Sorry for this post to be such a mess, i struggle to present this in a clear way.
Thank you again
Noam Monmarché
Commenting because i still have the problem and couldnt find the reason why
hello
i’m a bit confused on how you have setup you “host” and your “service”
that is a “host” check alive command, not a service
a host should inherit from a host template, for example “os-linux-snmp-custom”
this will make a ‘host’ with a ping to check if the host is alive
and the services associated with the host will be created (if you say yes to the “create services linked to the template” )
the host template “os-linux-snmp-custom” comes with the linux snmp plugin pack from centreon, and is “linked” to multiple services, including the “snmp uptime” check
here is the relations in the host template menu
(the uptime may not be here, i don’t remember if I added it here manually)
that host template inherit from the default “generic active host” which include the “host check” with the ping command
why does it not work correctly : I don’t know, but I know the “host check” command should not be a snmp check because you cannot pass parameters, the host check command is different than a service check
on a side note, if you don’t want to use the full linux snmp host template
create a simple host with this template
then in the service, ADD a service
set the name to uptime, input your host name
and use the template
always use the “-custom” in all your template, as the non “-custom” have no custom macro
Thank you for your response.

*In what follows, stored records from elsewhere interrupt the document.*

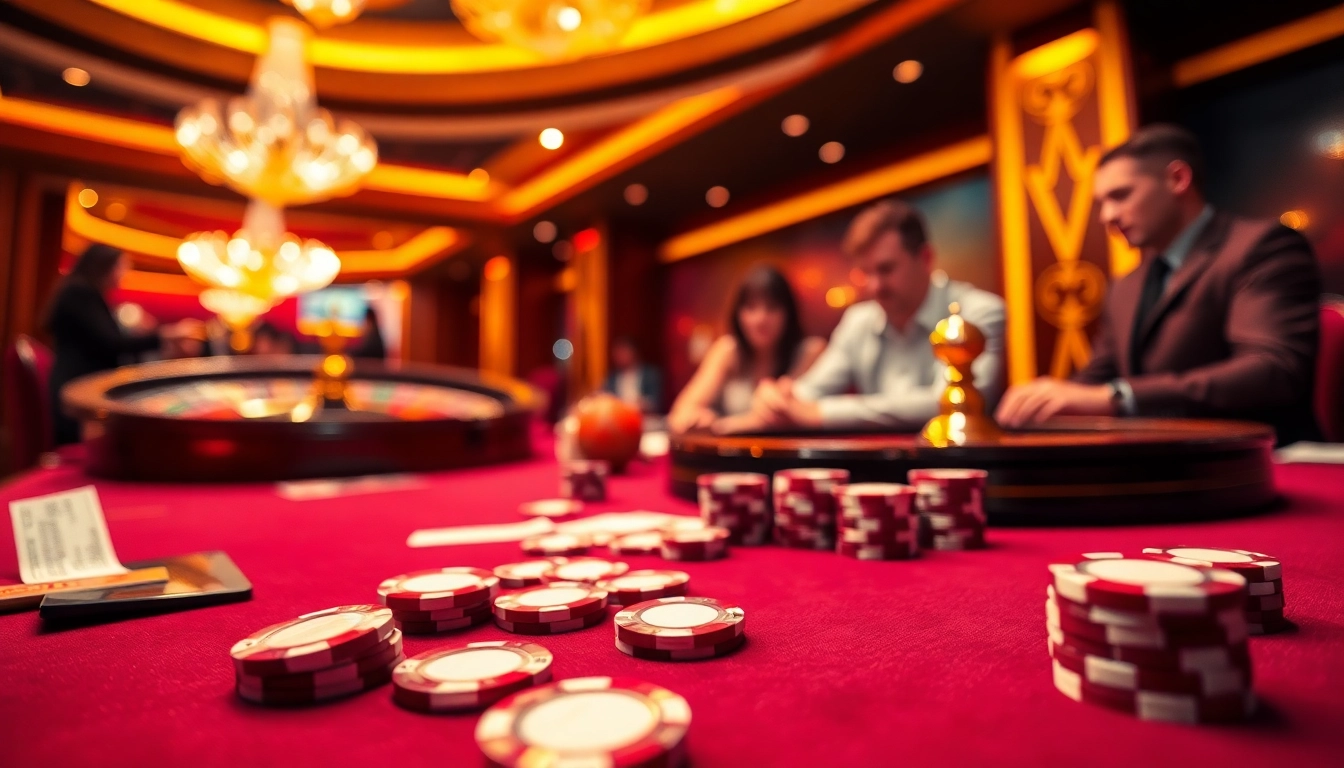 Engaged gamblers at a luxurious poker table promoting https://jun88buzz.info/ strategies and excitement.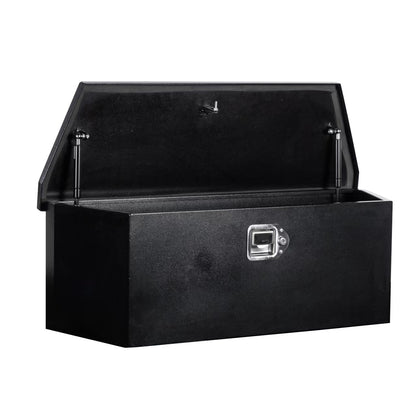 YRCHOFQU 35 Inch Underbody Truck Tool Box Steel Metal Trailer Tongue Box with Handled-Lock Waterproof Heavy Duty Organizer for Trucks RVs ATVs 35x11.8x11.8 Inch Black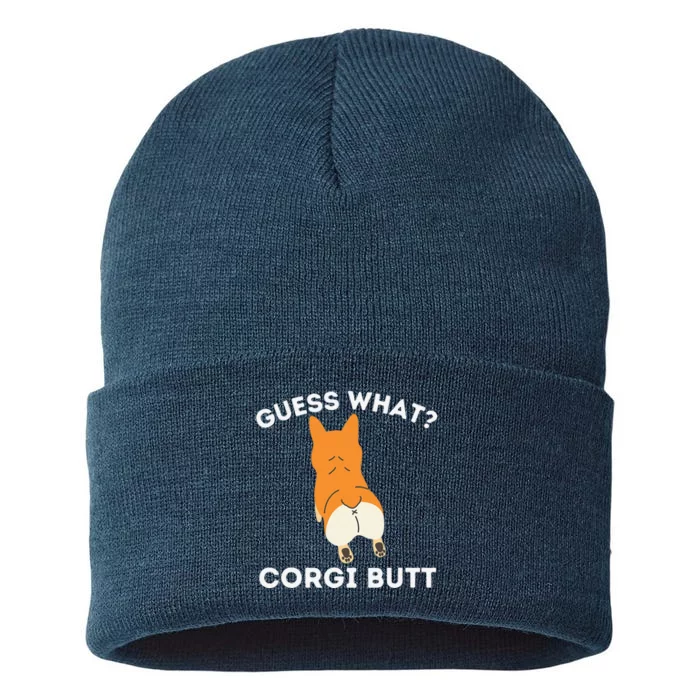 Guess What Corgi Butt Funny Welsh Corgi Owner Dog Lover Sustainable Knit Beanie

I indeed setup all my Linux Hosts with the Check Command OS-Linux-SNMP-Uptime, , because that is an info i find interesting when i sort them by host and i thought it could do the job as well as a ping in order to know if the host was down or not. i do not want to add any metrics or macro so i didnt care much about it not being a service but just using it as a check command.
This is in fact working well on almost every host i monitor and was only wondering why it wouldnt work with only two of them, and more so i wanted to know why it was behaving so strangely. I understand from what you say that it is not a good practice to perform an snmp check as a check command and will hold to this but im still questionning about these weird errors (times when the uptime check passes on some parameters from i dont know where for exemple)
Anyway thank you for taking the time to answer me
ok, I can understand your need
what you could do is duplicate the check command snmp uptime, and force the setting in it so it can force the correct threshold, then use that check command that is sure to be used correctly in your host check command.